«Il mio caso è identico a quello della Boccia. Mi era stato detto di occuparmi della mostra sul futurismo ma dopo un anno e mezzo mi hanno comunicato che dovevo fare un passo indietro perché erano arrivate voci irriguardose al ministero nei miei riguardi e che non avevo avuto alcun incarico formale».
Lo dice a Report il critico d’arte Alberto Dambruoso in una clip che anticipa un servizio della trasmissione condotta Sigfrido Ranucci che andrà in onda domenica su Rai3.
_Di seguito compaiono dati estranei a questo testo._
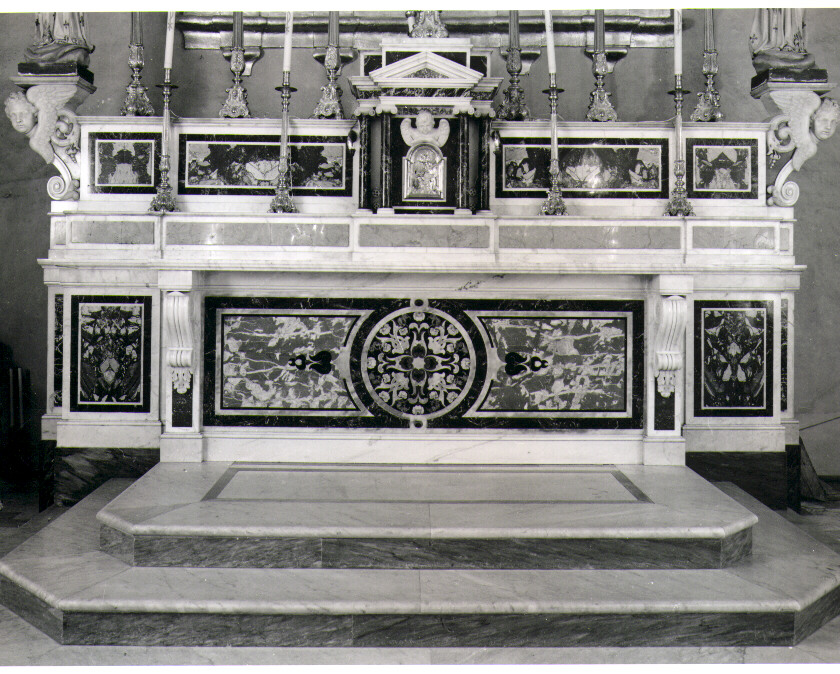 altare maggiore - bottega Italia meridionale (seconda metà sec. XVII, sec. XIX)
«La mia situazione non è molto dissimile da quella che poi è successa alla signorina Boccia», premette il critico che alla domanda ironica («Anche lei aveva una relazione con Sangiuliano?») del giornalista Giorgio Mottola precisa: «Beh, no. Io no, ecco. A scanso di equivoci nessun tipo di relazione con il ministro. Però certamente ho ricevuto anche io un incarico che di fatto non è stato poi, come dire, formalizzato. Nel senso che io non ho avuto il contratto».
Alberto Dambruoso – ricorda poi la voce fuori campo di Mottola – «insegna storia dell’arte all’Accademia delle belle arti di Frosinone. Sangiuliano gli affida la co-curatela della mostra sul futurismo, anche se fino a quel momento non ha mai avuto rapporti con lui. Tutto nasce da un articolo pubblicato sul Tempo, giornale di destra, di proprietà della famiglia Angelucci. La scintilla è questa recensione che il giornalista e critico d’arte Gabriele Simongini scrive sull’ultimo libro di Dambruoso che ha come tema il futurista Umberto Boccioni».
Di qui la domanda del giornalista: «Lei chiede una recensione sul Tempo anche per questo, perché sa che è giornale di area? «Ma certamente che ci sia anche una questione legata a un giornale di orientamento di destra. Questo sicuramente avrebbe potuto probabilmente facilitare un contatto tra Simongini e il ministro, cosa che effettivamente è avvenuta» risponde Dambruoso.
Poi Mottola riprende la sua ricostruzione: costi e scelte artistiche non vanno giù a Sangiuliano. Il ministro nomina quindi un comitato organizzatore: ne fanno parte il direttore dei musei Massimo Osanna, la direttrice della galleria nazionale Cristina Mazzantini e il presidente del Maxxi Alessandro Giuli. Il comitato organizzatore di fatto commissaria curatore e co-curatore. «Viene praticato un taglio drastico di oltre 300 opere, quindi si passa – risponde Dambruoso – da 650 opere a 350 opere» e la decisione sulle opere da tagliare «viene presa sostanzialmente appunto dal comitato organizzatore».
Poi Mottola commenta: «Doveva essere il più grande evento culturale del governo Meloni, si è rivelata finora un pasticciaccio infarcito di gaffe, conflitti di interesse e piccoli scandali».